Pasca Kasus Ratna, Hasil Survei LSI Denny JA Sebut Jokowi Cenderung Naik dan Prabowo Turun
Lingkaran Survei Indonesia (LSI-Denny JA) merilis hasil survei soal 'Hoax dan Efek Elektoral Kasus Ratna Sarumpaet' di kawasan Rawamangun, Jakarta Timur, Selasa (23/10/2018).

MONITORDAY.COM - Lingkaran Survei Indonesia (LSI-Denny JA) merilis hasil survei soal 'Hoax dan Efek Elektoral Kasus Ratna Sarumpaet' di kawasan Rawamangun, Jakarta Timur, Selasa (23/10/2018).
"Kasus hoax penganiayaan Ratna Sarumpaet memberikan efek sentimen negatif terhadap pasangan capres-cawapres nomor urut 02 Prabowo-Sandiaga," ujar peneliti LSI-Denny JA, Ikrama Masloman.

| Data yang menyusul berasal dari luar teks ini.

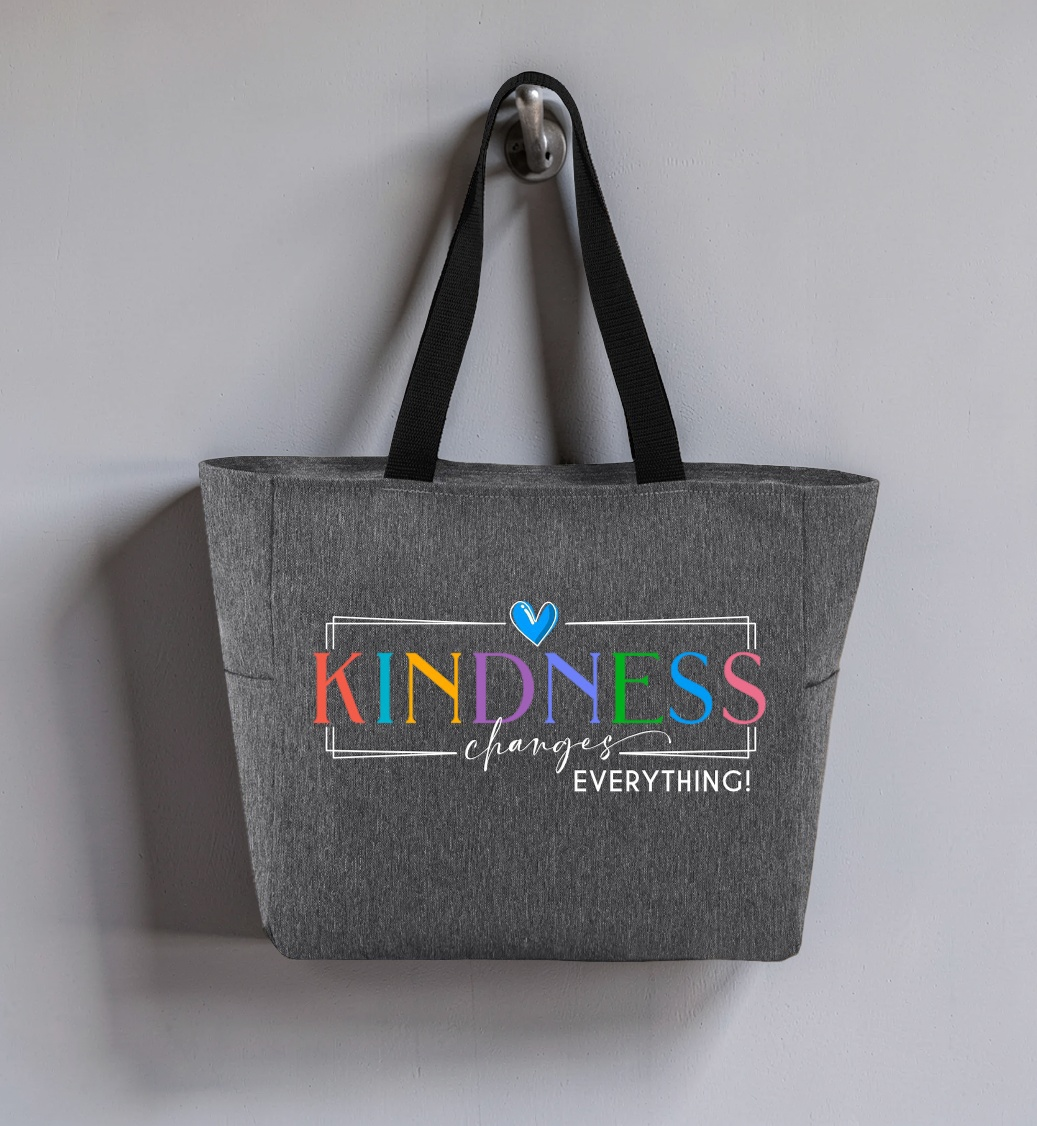 Heather Gray zippered tote hanging on a hook, colorful text reads Kindness changes everything, pastel color scheme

Ikrama mengatakan, akibat kasus Ratna, kubu yang diusung oleh Partai Gerindra, PKS, PAN dan Partai Demokrat itu menyebabkan pemilih yang belum menentukan pilihan (undecided voters) cenderung memilih pasangan nomor urut satu, Joko Widodo (Jokowi)-Ma'ruf Amin.
"Perubahan dukungan pemilih yang belum menentukan pilihan dapat dilihat dari segmen pendidikan dan segmen pendapatan. Di segmen pendidikan, pemilih yang hanya lulus SD, SMP, SMA atau dibawahnya, pada survei LSI September 2018 (sebelum kasus hoax RS), dukungan terhadap Jokowi-Ma’ruf sebesar 54,3 persen," paparnya.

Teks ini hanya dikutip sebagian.